Make an exact copy, from the records below, of the lines from the line containing "Stockbridge Rods - Satin Brass" to the line containing "Galaxy S25 Ultra", both lines included, excluding pictures.

[DATA IN THIS EXERCISE Boundary: Start]

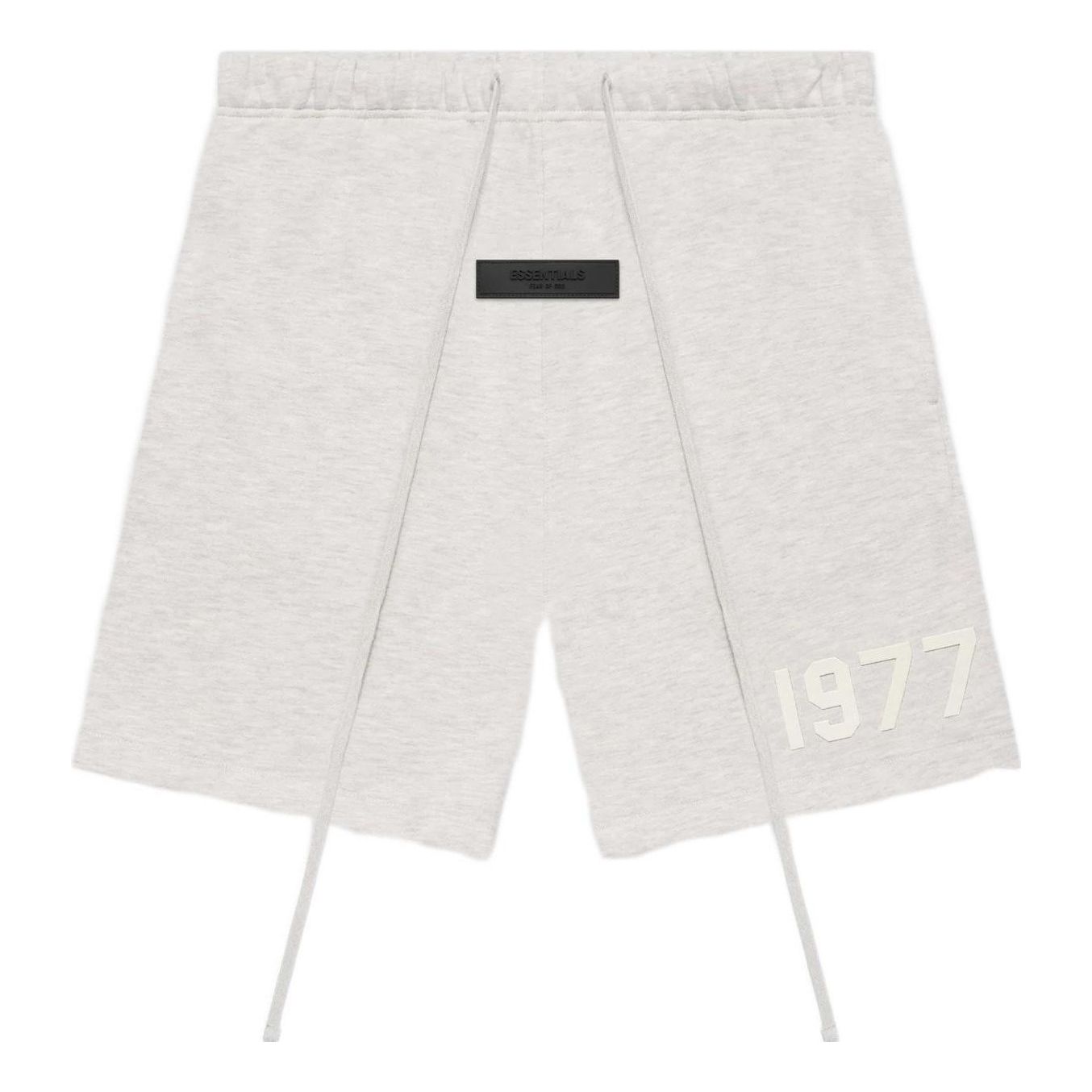 Image of Fear of God Essentials SS22 Shorts Light Oatmeal 1977 FOG-SS22-094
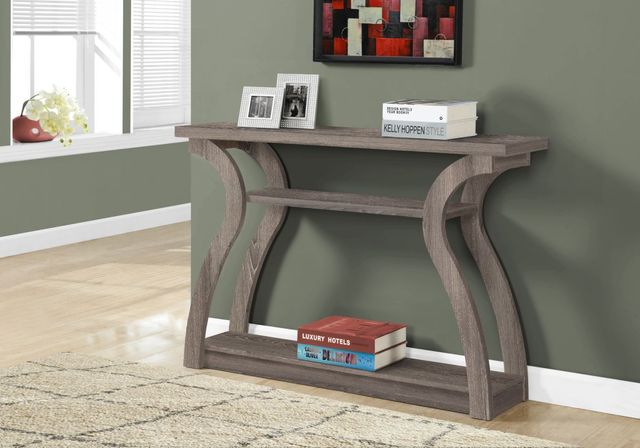 Monarch Specialties Inc. 47"L Dark Taupe Hall Console Table -3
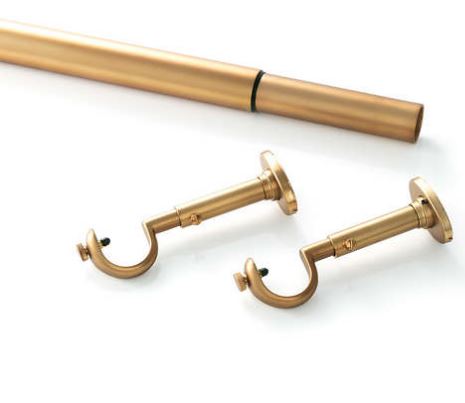 Stockbridge Rods - Satin Brass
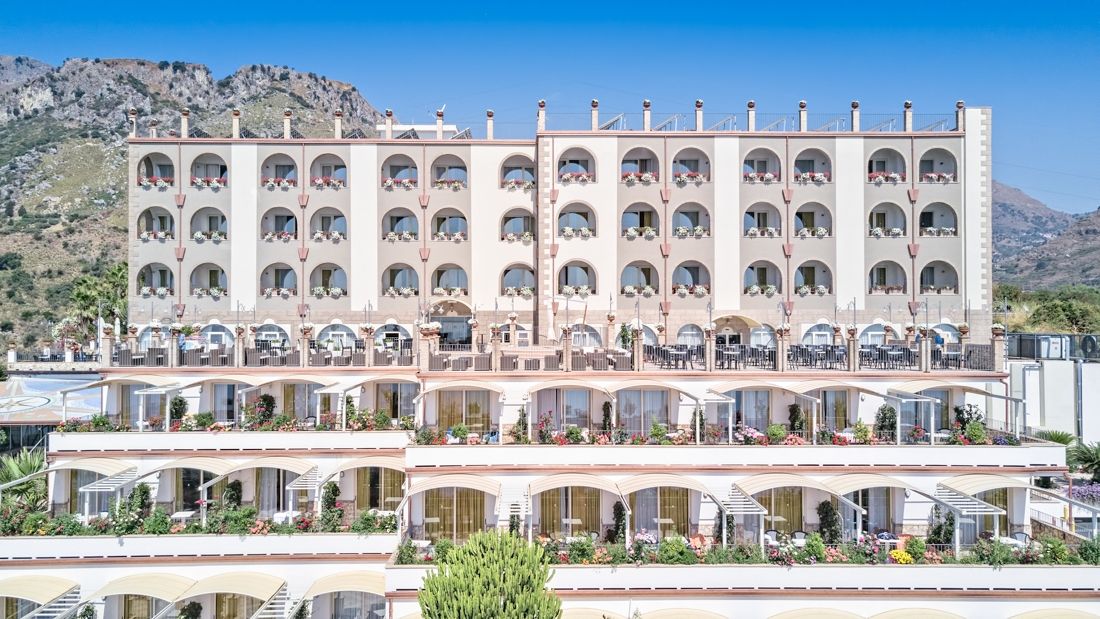 Hotel Le Terrazze Letojanni Exteriör bild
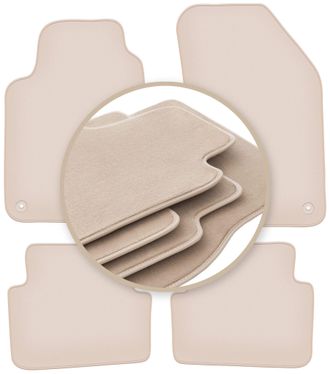 OEM Alfombrillas Beige Premium Para Renault Laguna Ii Familiar, Liftback 2001-2007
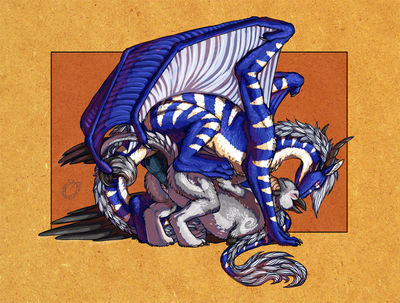 Kalemandrax and Gryphon
art by acidapluvia
Keywords: dragon;gryphon;male;female;feral;M/F;from_behind;penis;vaginal_penetration;acidapluvia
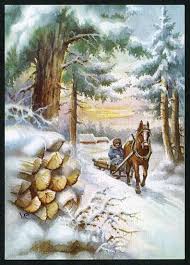 Robert Frost Stopping By Woods On A Snowy Evening Drawing Vintage Christmas Winter This Makes Me Think Of Robert Frost S Stopping By Woods On A Snowy Evening Emr Kerst Afbeeldingen Ouderwetse Kerst Kerst Kaarten
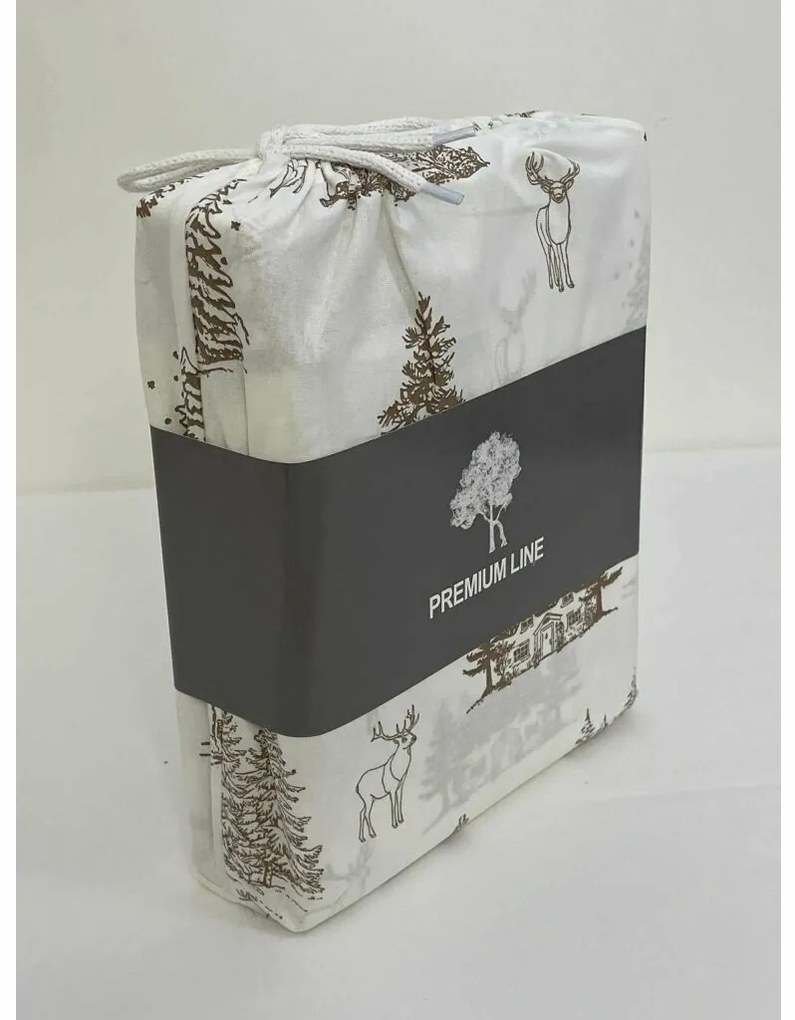 Karácsonyi pamut ágynemét Zimní krajina , 140 x 200 cm, 70 x 90 cm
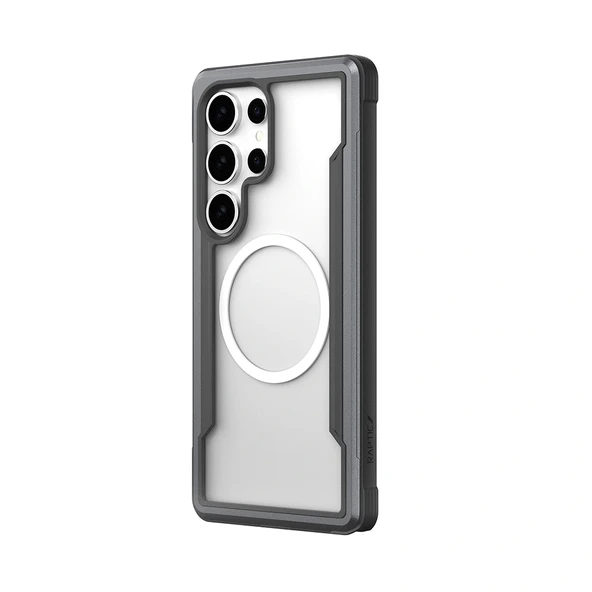 Galaxy S25 Ultra Kılıf Magsafe Şarj Özellikli Airbagli Raptic Shield Serisi Şeffaf Arka Yüzey Kapak - Resim 2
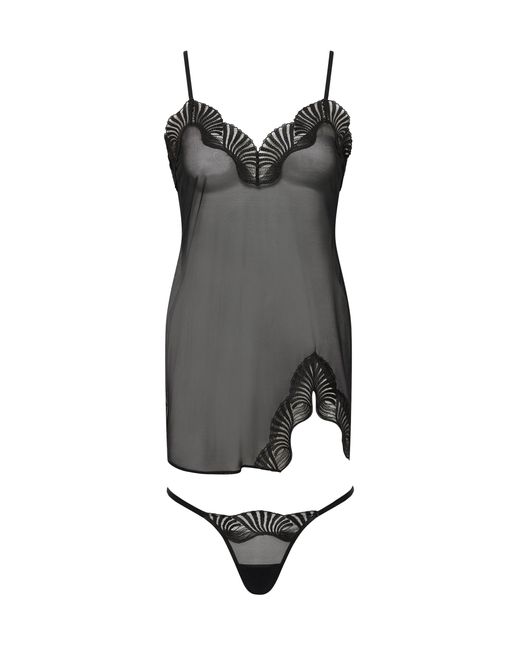 Bluebella ensemble trista nuisette courte et string noir Bluebella en coloris Gray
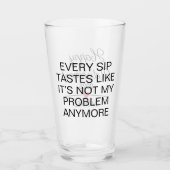 除パーソナライズされた職 タンブラーグラス (正面)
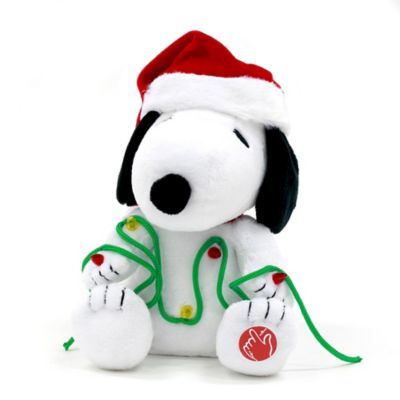 musical snoopy stuffed animal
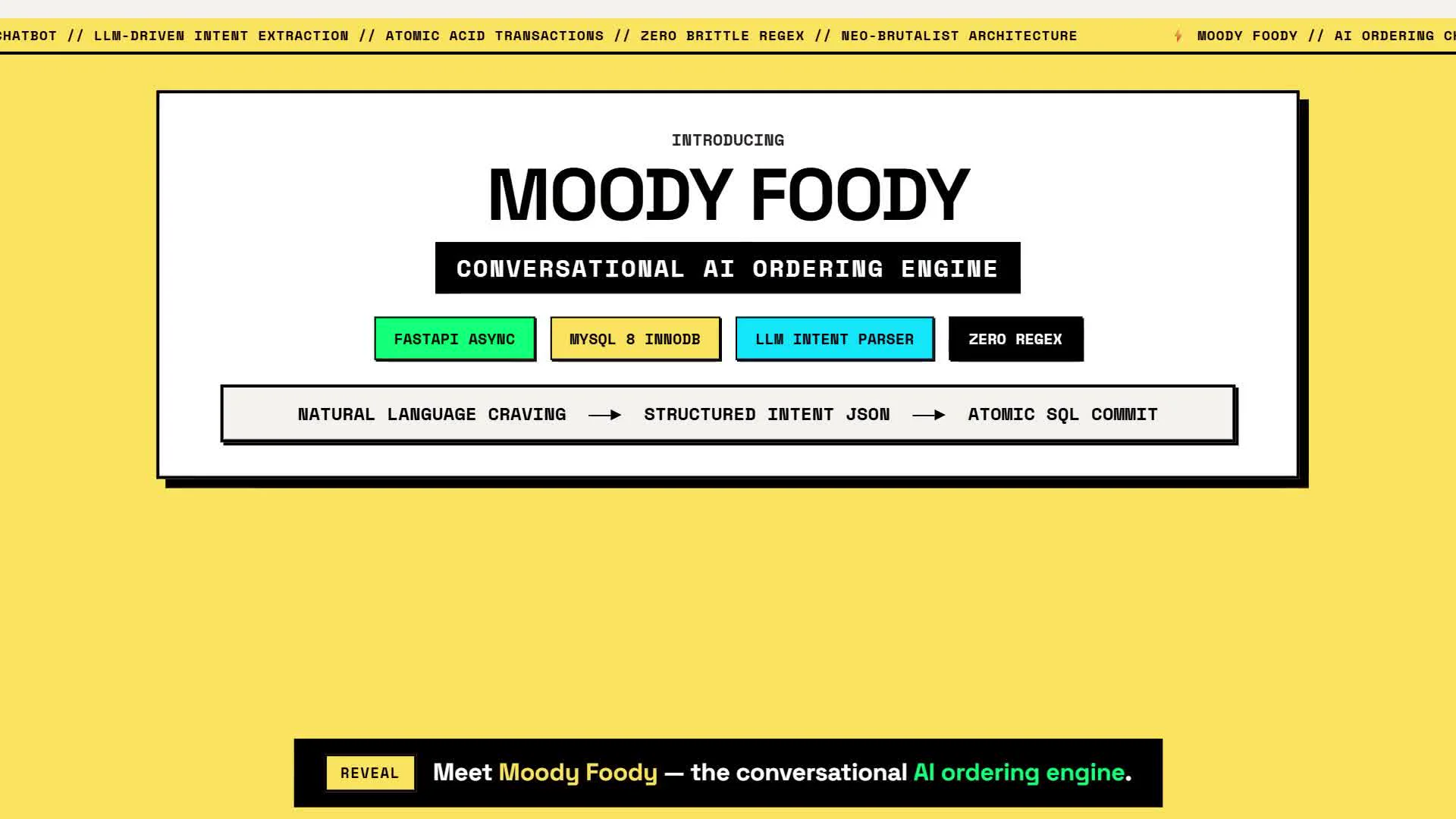Moody Foody — AI Ordering Chatbot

[DATA IN THIS EXERCISE Boundary: End]

# ANSWER SECTION
 Stockbridge Rods - Satin Brass
 Hotel Le Terrazze Letojanni Exteriör bild
 OEM Alfombrillas Beige Premium Para Renault Laguna Ii Familiar, Liftback 2001-2007
 Kalemandrax and Gryphon
art by acidapluvia
Keywords: dragon;gryphon;male;female;feral;M/F;from_behind;penis;vaginal_penetration;acidapluvia
 Robert Frost Stopping By Woods On A Snowy Evening Drawing Vintage Christmas Winter This Makes Me Think Of Robert Frost S Stopping By Woods On A Snowy Evening Emr Kerst Afbeeldingen Ouderwetse Kerst Kerst Kaarten
 Karácsonyi pamut ágynemét Zimní krajina , 140 x 200 cm, 70 x 90 cm
 Galaxy S25 Ultra Kılıf Magsafe Şarj Özellikli Airbagli Raptic Shield Serisi Şeffaf Arka Yüzey Kapak - Resim 2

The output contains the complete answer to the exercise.